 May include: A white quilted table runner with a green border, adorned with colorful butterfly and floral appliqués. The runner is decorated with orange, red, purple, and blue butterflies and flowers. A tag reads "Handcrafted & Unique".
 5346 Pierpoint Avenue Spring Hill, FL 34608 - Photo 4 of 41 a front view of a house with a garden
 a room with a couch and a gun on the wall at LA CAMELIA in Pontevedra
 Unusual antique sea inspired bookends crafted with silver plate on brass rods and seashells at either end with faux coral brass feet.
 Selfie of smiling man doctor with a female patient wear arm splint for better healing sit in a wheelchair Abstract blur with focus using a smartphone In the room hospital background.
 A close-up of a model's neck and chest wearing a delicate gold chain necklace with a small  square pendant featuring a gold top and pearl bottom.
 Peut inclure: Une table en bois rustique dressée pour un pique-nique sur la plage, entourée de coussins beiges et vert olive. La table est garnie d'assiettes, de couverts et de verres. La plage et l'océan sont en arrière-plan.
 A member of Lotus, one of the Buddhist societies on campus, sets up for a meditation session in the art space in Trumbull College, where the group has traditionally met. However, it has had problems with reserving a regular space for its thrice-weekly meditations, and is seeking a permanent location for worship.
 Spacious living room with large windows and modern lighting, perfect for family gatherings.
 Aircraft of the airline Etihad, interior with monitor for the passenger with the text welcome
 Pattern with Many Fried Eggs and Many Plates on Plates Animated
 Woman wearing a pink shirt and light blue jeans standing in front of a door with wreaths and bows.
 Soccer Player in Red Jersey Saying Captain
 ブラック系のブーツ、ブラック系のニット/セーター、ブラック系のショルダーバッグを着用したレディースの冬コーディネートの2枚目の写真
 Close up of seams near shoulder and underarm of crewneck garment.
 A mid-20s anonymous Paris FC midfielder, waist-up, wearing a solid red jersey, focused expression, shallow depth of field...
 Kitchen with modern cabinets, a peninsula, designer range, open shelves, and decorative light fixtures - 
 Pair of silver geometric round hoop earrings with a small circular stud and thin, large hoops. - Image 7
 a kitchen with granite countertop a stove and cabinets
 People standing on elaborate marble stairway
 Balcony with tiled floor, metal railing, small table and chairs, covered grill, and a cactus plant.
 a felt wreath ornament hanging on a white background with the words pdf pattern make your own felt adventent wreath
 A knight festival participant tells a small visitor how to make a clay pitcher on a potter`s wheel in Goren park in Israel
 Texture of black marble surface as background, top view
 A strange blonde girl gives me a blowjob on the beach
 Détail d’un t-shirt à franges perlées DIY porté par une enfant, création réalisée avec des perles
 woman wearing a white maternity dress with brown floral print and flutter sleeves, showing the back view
──────
Exercise = Please make an exact copy of each record.

Expected output =
 May include: A white quilted table runner with a green border, adorned with colorful butterfly and floral appliqués. The runner is decorated with orange, red, purple, and blue butterflies and flowers. A tag reads "Handcrafted & Unique".
 5346 Pierpoint Avenue Spring Hill, FL 34608 - Photo 4 of 41 a front view of a house with a garden
 a room with a couch and a gun on the wall at LA CAMELIA in Pontevedra
 Unusual antique sea inspired bookends crafted with silver plate on brass rods and seashells at either end with faux coral brass feet.
 Selfie of smiling man doctor with a female patient wear arm splint for better healing sit in a wheelchair Abstract blur with focus using a smartphone In the room hospital background.
 A close-up of a model's neck and chest wearing a delicate gold chain necklace with a small  square pendant featuring a gold top and pearl bottom.
 Peut inclure: Une table en bois rustique dressée pour un pique-nique sur la plage, entourée de coussins beiges et vert olive. La table est garnie d'assiettes, de couverts et de verres. La plage et l'océan sont en arrière-plan.
 A member of Lotus, one of the Buddhist societies on campus, sets up for a meditation session in the art space in Trumbull College, where the group has traditionally met. However, it has had problems with reserving a regular space for its thrice-weekly meditations, and is seeking a permanent location for worship.
 Spacious living room with large windows and modern lighting, perfect for family gatherings.
 Aircraft of the airline Etihad, interior with monitor for the passenger with the text welcome
 Pattern with Many Fried Eggs and Many Plates on Plates Animated
 Woman wearing a pink shirt and light blue jeans standing in front of a door with wreaths and bows.
 Soccer Player in Red Jersey Saying Captain
 ブラック系のブーツ、ブラック系のニット/セーター、ブラック系のショルダーバッグを着用したレディースの冬コーディネートの2枚目の写真
 Close up of seams near shoulder and underarm of crewneck garment.
 A mid-20s anonymous Paris FC midfielder, waist-up, wearing a solid red jersey, focused expression, shallow depth of field...
 Kitchen with modern cabinets, a peninsula, designer range, open shelves, and decorative light fixtures - 
 Pair of silver geometric round hoop earrings with a small circular stud and thin, large hoops. - Image 7
 a kitchen with granite countertop a stove and cabinets
 People standing on elaborate marble stairway
 Balcony with tiled floor, metal railing, small table and chairs, covered grill, and a cactus plant.
 a felt wreath ornament hanging on a white background with the words pdf pattern make your own felt adventent wreath
 A knight festival participant tells a small visitor how to make a clay pitcher on a potter`s wheel in Goren park in Israel
 Texture of black marble surface as background, top view
 A strange blonde girl gives me a blowjob on the beach
 Détail d’un t-shirt à franges perlées DIY porté par une enfant, création réalisée avec des perles
 woman wearing a white maternity dress with brown floral print and flutter sleeves, showing the back view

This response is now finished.